** UnhandledExceptionEventHandler :: OFFICIAL LC / CHATTER THREAD ** - Page 1101 - Computer Technical Help

Yeah but it could be
'ip': 192.168.1.1
or <ip>192.168.1.1</i>
or who knows what. And someone might want to match of "<ip>192.168.1.2</ip><domain>foo.co</domain>
They also might want to look for ".1.1" or ".1/24" or "160.1" and so forth.

Whitespace or carraige returns might be nonexistent - aside from titles/descriptions most of this is machine generated and/or scraped from APIs, web pages, and a whole host of 3rd party software.

The industry, if it matters, is network security, and we are basically getting data from any source possible on a particular threat, and shoving it into this database.

We actually have a DSL for search and that does pretty well but people mostly don't use it, they just paste whatever they're searching for in the search bar and that's about it. I tried reducing the number of fields that are searched in the default search and people pitched a fit.

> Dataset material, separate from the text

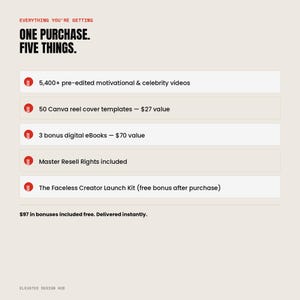 May include: A digital product listing graphic with the text: EVERYTHING YOU'RE GETTING. ONE PURCHASE. FIVE THINGS. The list includes 5,400+ pre-edited motivational & celebrity videos, 50 Canva reel cover templates, 3 bonus digital eBooks, Master Resell Rights, and The Faceless Creator Launch Kit.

If these were all separate tokens:

'ip': 192.168.1.1
<ip>192.168.1.1</ip>
<ip>192.168.1.2</ip><domain>foo.co</domain>

You can query them easily by doing a LIKE on the token column itself, EG:
SELECT SUM(Frequency) FROM Tokens WHERE Token LIKE '%19.2.168.1.1%'

It's hard to help much in this way because as described the problem is still abstract to me, but the solution to make something faster is always going to be specific.

For example, if you're only wanting to search for IP's or an IP search is a common search, you perhaps might want to extract all IP addresses from the text every time the text field is updated and store them in another table somewhere.

If it's a variety of searches, on a variety of data formats where for some reason it's difficult to sensibly tokenise the data then you're always going to have problems extracting information from that data in a performant way.

Quote

04-20-2017 , 02:11 PM

#27502

daveT

S.A.G.E. Master

Join Date: Jun 2005 Posts: 23,955

Rusty, could be a stupid question, but have you looked into FTS?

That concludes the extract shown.